* _PROVIDED ENTRIES_:
○ ○ ○ ○ ○
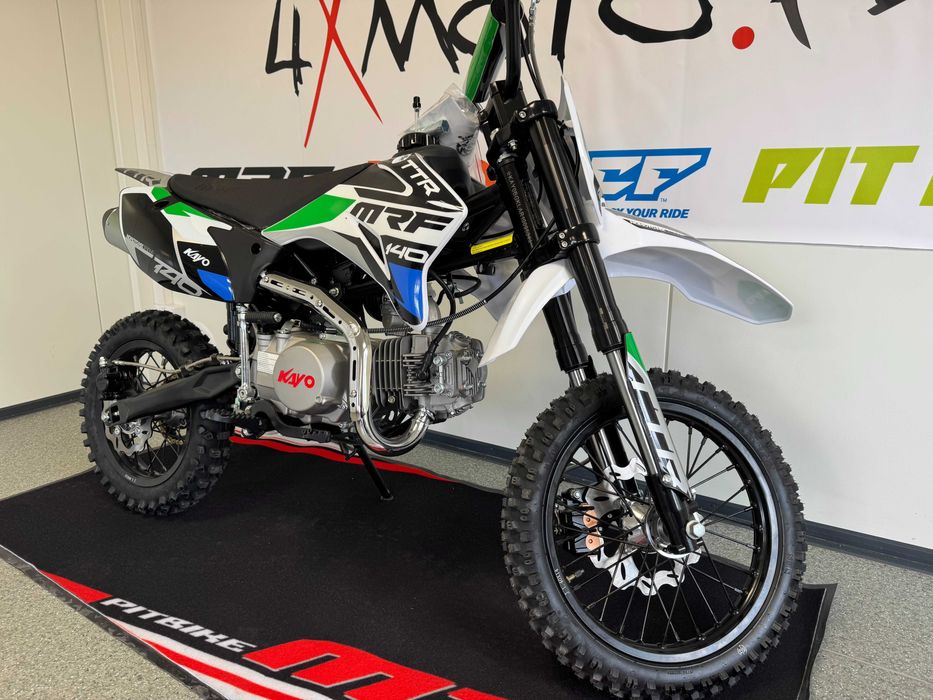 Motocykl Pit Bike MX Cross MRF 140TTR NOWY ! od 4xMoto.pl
○ ○ ○ ○ ○
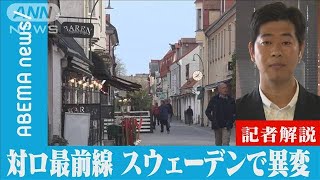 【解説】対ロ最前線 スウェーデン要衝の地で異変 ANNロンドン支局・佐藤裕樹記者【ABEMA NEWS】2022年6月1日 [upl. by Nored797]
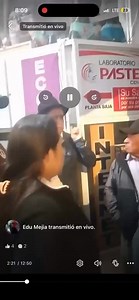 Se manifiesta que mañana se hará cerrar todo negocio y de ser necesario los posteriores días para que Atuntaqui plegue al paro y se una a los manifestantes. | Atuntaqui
○ ○ ○ ○ ○
* _ACTION ITEM_: Of all the material above, only the lines from the one that has "[upl. by Nored797]" down to the one that has "Se manifiesta que" are to be written out, exactly and with both ends included. Pictures are skipped.

* _SOLVED PROBLEM_:
 【解説】対ロ最前線 スウェーデン要衝の地で異変 ANNロンドン支局・佐藤裕樹記者【ABEMA NEWS】2022年6月1日 [upl. by Nored797]
 Se manifiesta que mañana se hará cerrar todo negocio y de ser necesario los posteriores días para que Atuntaqui plegue al paro y se una a los manifestantes. | Atuntaqui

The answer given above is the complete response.